As createImageData creates a new ImageData array, in this early version of the program a new back buffer array was being created for every frame. Naturally, this created a lot of unnecessary garbage. In my first attempt to tackle this problem, I was running over the entire array, zeroing out all the values.

Backing up a little, an ImageData array is a one-dimensional array representing the RGBA values of all pixels in a 2D canvas context, with each element representing either a red, green, blue, or alpha value of a pixel. So, for example, a 1x1 pixel ImageData array might look like this [1, 7, 2, 9], where the RGBA values are 1, 7, 2, and 9 respectively.
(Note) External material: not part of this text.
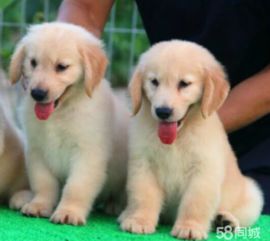 金毛寻回犬多少钱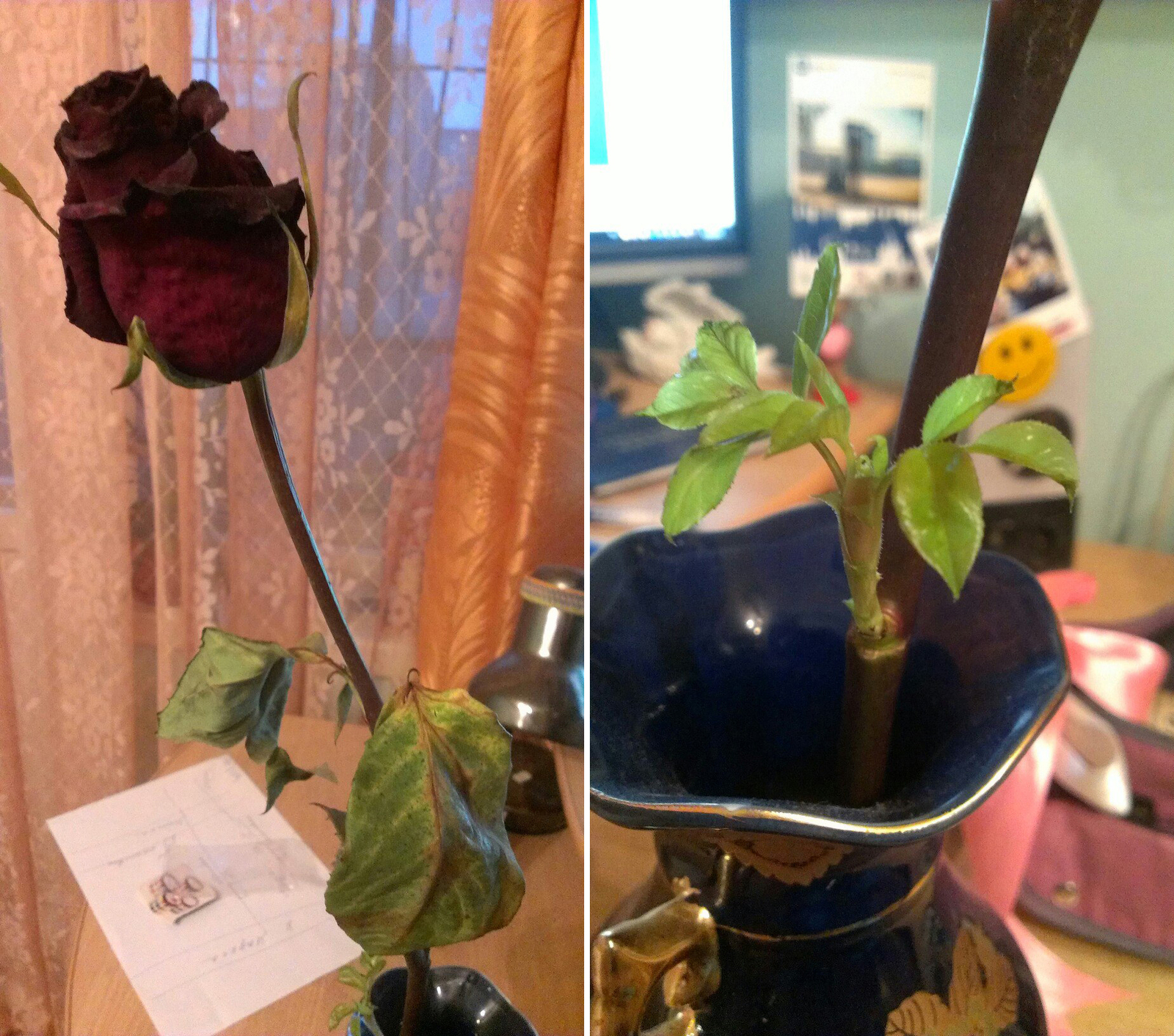 The rose withered, and new leaves grew :) - My, the Rose, Flowers, Leaves, Text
So it should be clear that for any ImageData array, its length will be described by canvas width * canvas height * 4. As it turned out, looping over the entire array was actually noticeably slower than just creating a new ImageData array for every frame, even with all the extra garbage that brought with it. However, if you consider for a moment what it is we're trying to achieve (clearing the back buffer for the next frame), it may become clear that we can actually get away with doing ¼ of the work. By setting the alpha value to zero, we can ignore the RGB values, just so long as we make sure to set all RGBA values when we draw a new pixel to the array. With this change, each frame took less time to draw (meaning fewer resources were used), and GC events became much less frequent. Here is what memory use looked like after this change (the scale is the same as the previous two graphs):

4.6MB-6.6MB

Memory usage using back buffer zeroing

GC events are now happening about once a second. Which can certainly still be improved upon, but it's miles ahead of where it was to begin with.
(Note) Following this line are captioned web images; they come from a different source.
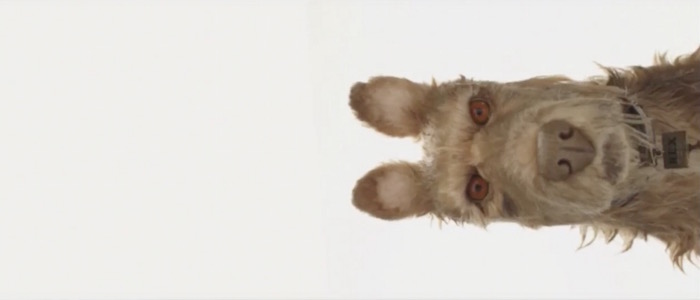 Wes Anderson S New Stop Motion Movie Is Titled Isle Of Dogs Full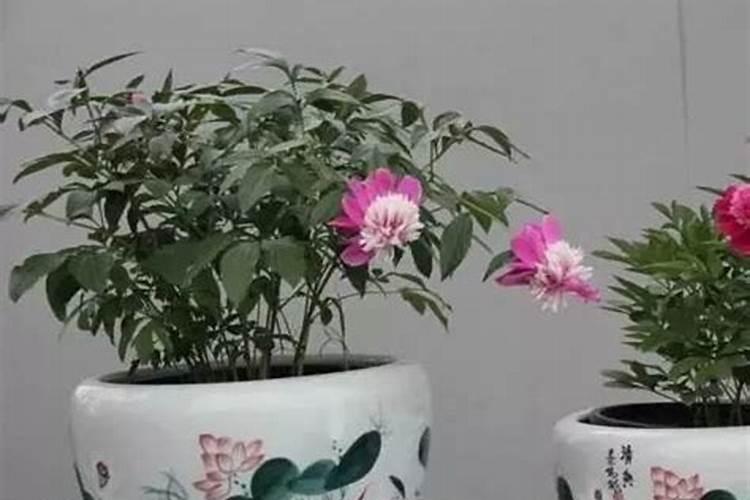 芍药修剪的艺术：技巧与细节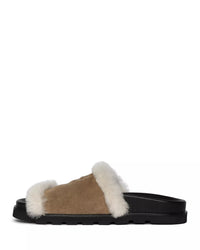 Teddy Bare Shearling Mules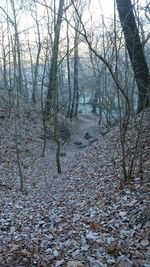 Trees in forest during autumn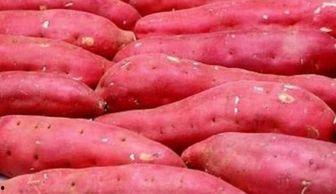 吃龙瓜治痔疮吗,吃龙瓜能否治愈痔疮？”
As a side note: it occurs to me that in order to clear the back buffer, it would be possible to do potentially much less work than mentioned above. If we kept track of which pixels had been drawn in the previous frame, we could then clear only those pixels which needed clearing. But I suspect that the increased overhead and complexity of such an approach would ultimately not be worthwhile. I will leave it as an exercise to the reader to determine the feasibility of this approach.